Loi ELAN : du nouveau pour les loyers impayés et la résiliation de bail

Promulguée fin 2018, la loi ELAN (Évolution du Logement, de l’Aménagement et du Numérique) concerne la location immobilière touristique, à court terme et à loyer plafonné, l’encadrement des loyers et le nouveau bail mobilité. En sachant qu’en 20 ans les décisions d’expulsion ont augmenté de 75 %, avec 160 000 cas par an, cette loi tombe à pic, aussi bien pour les propriétaires que les locataires.

Des situations complexes

Aujourd’hui, il est difficile aussi bien du côté des propriétaires que des locataires de faire valoir leurs droits.

Les propriétaires

Lorsqu’un propriétaire fait face à un locataire dans l’incapacité de payer ses loyers, il doit :

  • Envoyer dans un premier temps une mise en demeure de payer,
  • Sans effet, ce courrier doit être suivi par commandement de payer, signalé à la CCAPEx, Commission de coordination des actions de prévention des expulsions locatives,
  • Sans effet, il peut faire appel au juge d’instance qui : 1) constatera la résiliation du bail 2) condamnera le locataire à payer les arriérés et 3) prononcera l’expulsion de ce dernier si la situation reste inchangée.

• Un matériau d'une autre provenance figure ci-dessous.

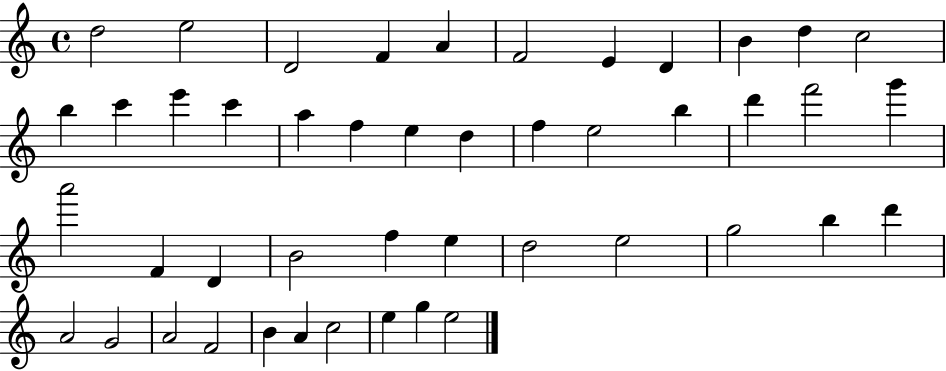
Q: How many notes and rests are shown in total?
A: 46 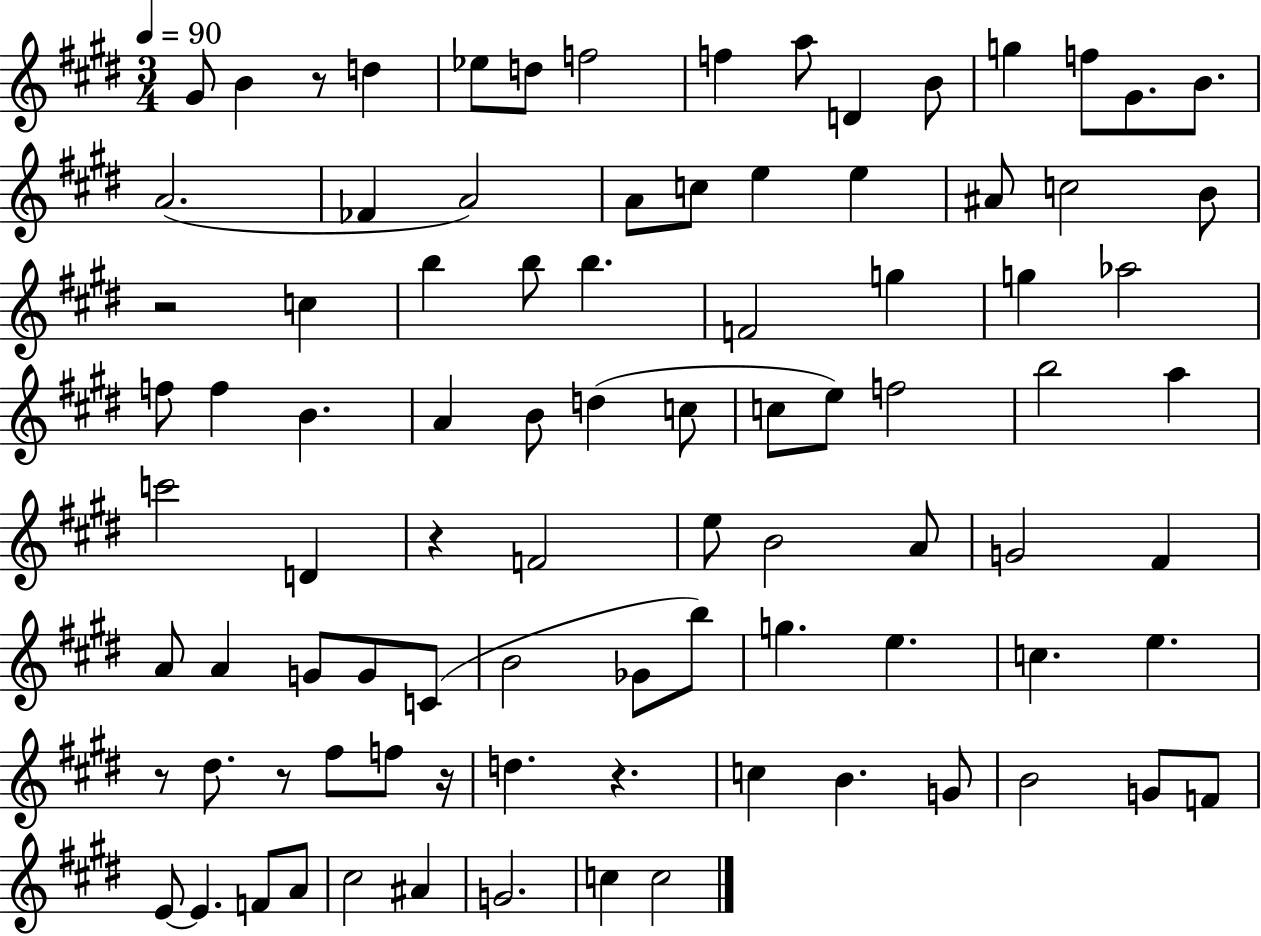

Dans un tel cas, il faut compter environ 2 ans de procédures et jusqu’à 5000 euros de frais divers.

Les locataires

Le locataire qui est dans une situation financière difficile ne peut faire appel à une commission de surendettement que s’il possède des dettes uniquement à caractère alimentaire. Plus clairement, impossible d’entamer cette démarche pour le locataire dans l’incapacité à payer ses loyers.

La loi ELAN, un terrain d’entente entre propriétaires et locataires

Grâce à la loi ELAN le contenu du commandement de payer contiendra le montant du loyer, des charges et le décompte des sommes dues au bailleur afin de clarifier la position du locataire auprès de la CCAPEx.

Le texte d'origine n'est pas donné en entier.